My code runs well, but it always finishes the training with an error:

...
[2021-04-24 13:45:52] -- DEBUG: val>>>[94/94-500] ips-9.1, loss-0.2466, liou-0.1080, l1-0.0061, miou-0.89
[2021-04-24 13:45:52] -- DEBUG: Training is done!

free(): invalid pointer
Traceback (most recent call last):
  File "/home/space/Public/anaconda3/envs/pytorch17/lib/python3.8/runpy.py", line 194, in _run_module_as_main
    return _run_code(code, main_globals, None,
  File "/home/space/Public/anaconda3/envs/pytorch17/lib/python3.8/runpy.py", line 87, in _run_code
    exec(code, run_globals)
  File "/home/space/Public/anaconda3/envs/pytorch17/lib/python3.8/site-packages/torch/distributed/launch.py", line 260, in <module>
    main()
  File "/home/space/Public/anaconda3/envs/pytorch17/lib/python3.8/site-packages/torch/distributed/launch.py", line 255, in main
    raise subprocess.CalledProcessError(returncode=process.returncode,
subprocess.CalledProcessError: Command '['/home/space/Public/anaconda3/envs/pytorch17/bin/python', '-u', 'train_filter_s.py', '--local_rank=1']' died with <Signals.SIGABRT: 6>.

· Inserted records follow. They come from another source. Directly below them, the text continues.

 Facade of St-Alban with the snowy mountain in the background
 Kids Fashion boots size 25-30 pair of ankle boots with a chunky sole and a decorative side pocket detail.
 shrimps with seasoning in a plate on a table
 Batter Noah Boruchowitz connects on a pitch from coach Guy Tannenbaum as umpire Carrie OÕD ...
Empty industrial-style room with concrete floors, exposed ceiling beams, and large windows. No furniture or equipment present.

Although there is no impact on my work, I still want to remove this error message.
part of my code:

    if 'RANK' in os.environ and 'WORLD_SIZE' in os.environ:
        args.world_size = int(os.environ['WORLD_SIZE'])
        args.rank = int(os.environ["RANK"])
        args.local_rank = int(os.environ['LOCAL_RANK'])
    elif 'SLURM_PROCID' in os.environ:
        args.rank = int(os.environ['SLURM_PROCID'])
        args.local_rank = args.rank % torch.cuda.device_count()

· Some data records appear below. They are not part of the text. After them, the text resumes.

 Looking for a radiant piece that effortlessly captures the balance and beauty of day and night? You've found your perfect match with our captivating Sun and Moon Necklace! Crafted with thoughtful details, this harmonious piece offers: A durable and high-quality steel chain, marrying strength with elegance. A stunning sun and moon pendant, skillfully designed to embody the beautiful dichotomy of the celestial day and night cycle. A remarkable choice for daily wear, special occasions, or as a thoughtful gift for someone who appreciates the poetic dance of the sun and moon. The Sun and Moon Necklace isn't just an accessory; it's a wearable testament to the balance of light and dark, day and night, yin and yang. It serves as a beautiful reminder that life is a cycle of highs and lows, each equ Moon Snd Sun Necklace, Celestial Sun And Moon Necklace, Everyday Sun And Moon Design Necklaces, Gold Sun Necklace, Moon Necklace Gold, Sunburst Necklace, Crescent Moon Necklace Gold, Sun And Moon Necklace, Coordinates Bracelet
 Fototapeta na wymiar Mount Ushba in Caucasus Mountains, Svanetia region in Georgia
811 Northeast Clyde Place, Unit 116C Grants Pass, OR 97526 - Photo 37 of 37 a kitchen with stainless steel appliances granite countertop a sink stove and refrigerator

    args.master_addr = str(os.environ['MASTER_ADDR']) if 'MASTER_ADDR' in os.environ else '????'
    args.master_port = str(os.environ['MASTER_PORT']) if 'MASTER_PORT' in os.environ else '????'
    print('| distributed init (rank {} local {}) -- master://{}:{}'.format(
        args.rank, args.local_rank, args.master_addr, args.master_port), flush=True)

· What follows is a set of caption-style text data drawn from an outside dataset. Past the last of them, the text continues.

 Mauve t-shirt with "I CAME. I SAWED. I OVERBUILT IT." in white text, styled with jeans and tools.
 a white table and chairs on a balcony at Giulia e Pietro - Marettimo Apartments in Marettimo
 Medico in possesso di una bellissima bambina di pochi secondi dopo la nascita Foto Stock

    args.distributed = True
    args.device = 'cuda'
    torch.cuda.set_device(args.local_rank)

    torch.distributed.init_process_group(backend='nccl', init_method='env://')  # env -- read from environ
    torch.distributed.barrier()
    setup_for_distributed(args.rank == 0)

    ... 
    ...

    for epoch in range(args.start_epoch, args.epochs):
        args.current_epoch = epoch

        # train
        if args.distributed:
            sampler_train.set_epoch(args.current_epoch)
        train_one_epoch(args, model, optimizer, loader_train, logger, writer_train)

        # change learning rate
        lr_scheduler.step()

        # save checkpoint
        if (args.current_epoch + 1) % args.save_interval == 0:
            save_checkpoint(args, model_without_ddp, optimizer, lr_scheduler)

        # validate
        if (args.current_epoch + 1) % args.val_interval == 0 and val_flag:
            if args.distributed:
                sampler_val.set_epoch(args.current_epoch)
            validate(args, model, loader_val, logger, writer_val)

    # cleanup
    if args.distributed:
        torch.distributed.destroy_process_group()

Do you have the complete C++ stack trace of the error for free()? If not, is it possible to run the process with gdb and share the stack trace gdb reports when it errors out?